Action item:
Using only the entries below, output the lines starting at the one containing "istock Man in" and ending at the one containing "their balcony. Homosexual", exactly and inclusive of both, omitting the pictures.

Records shown:

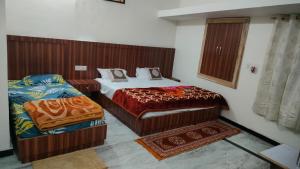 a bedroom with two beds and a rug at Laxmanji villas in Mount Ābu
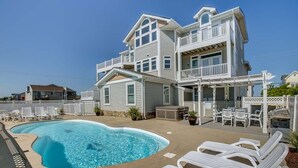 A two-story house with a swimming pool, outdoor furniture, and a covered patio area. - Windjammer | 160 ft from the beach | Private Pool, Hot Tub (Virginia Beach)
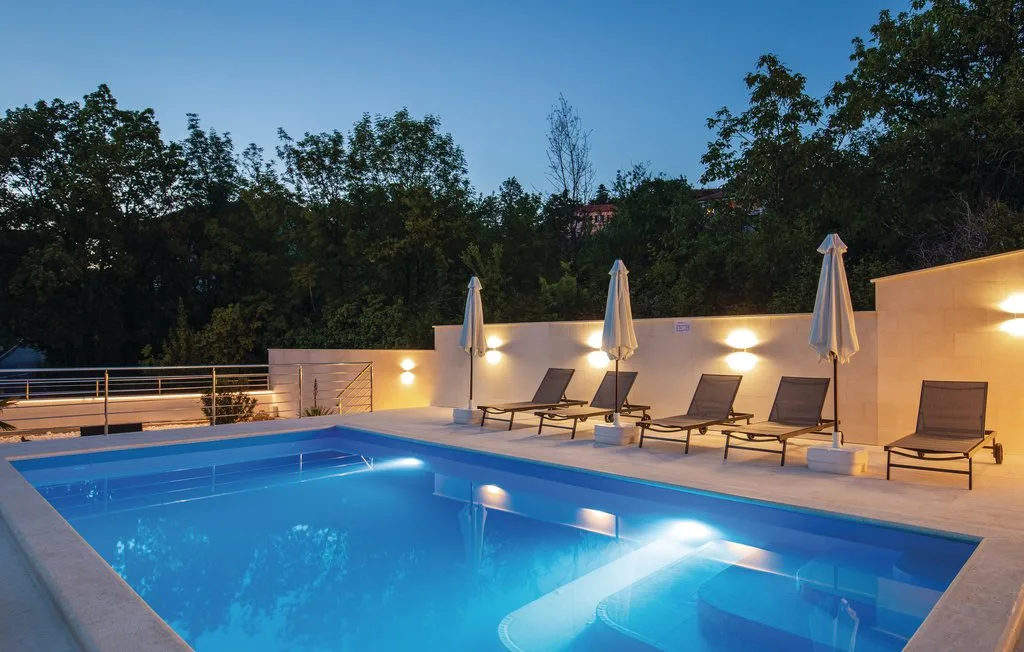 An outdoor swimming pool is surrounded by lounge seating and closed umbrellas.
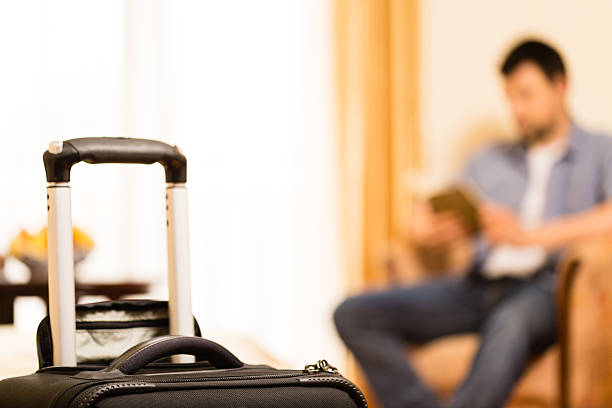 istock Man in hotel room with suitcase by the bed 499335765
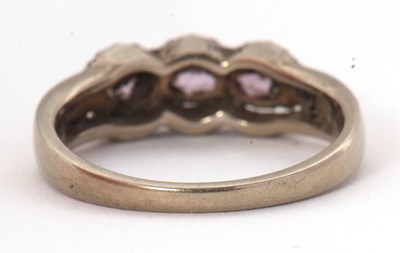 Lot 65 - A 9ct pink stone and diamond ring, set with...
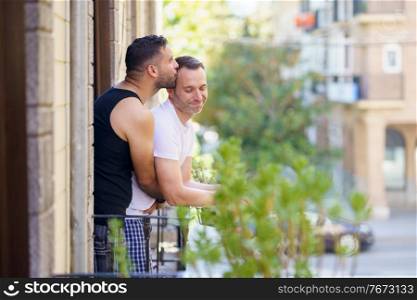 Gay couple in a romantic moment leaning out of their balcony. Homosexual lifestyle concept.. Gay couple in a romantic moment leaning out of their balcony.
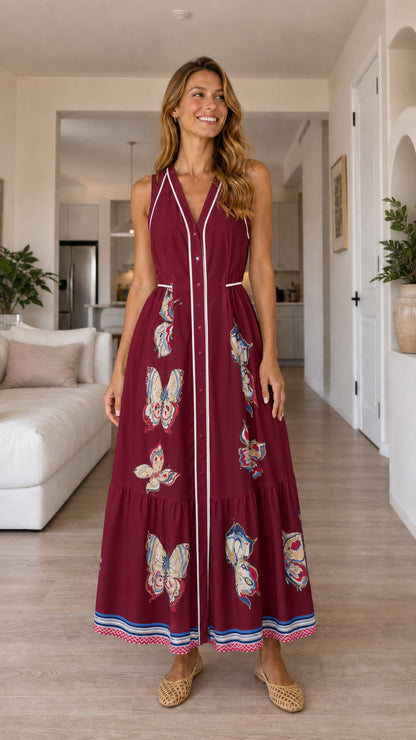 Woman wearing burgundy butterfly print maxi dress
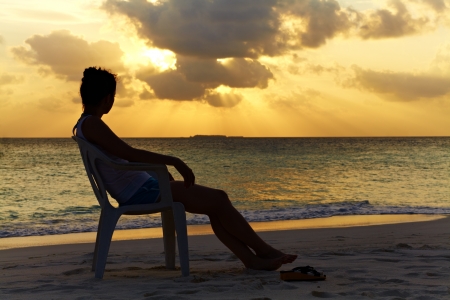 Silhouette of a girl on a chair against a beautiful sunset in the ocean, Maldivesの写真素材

The completed task:
 istock Man in hotel room with suitcase by the bed 499335765
 Lot 65 - A 9ct pink stone and diamond ring, set with...
 Gay couple in a romantic moment leaning out of their balcony. Homosexual lifestyle concept.. Gay couple in a romantic moment leaning out of their balcony.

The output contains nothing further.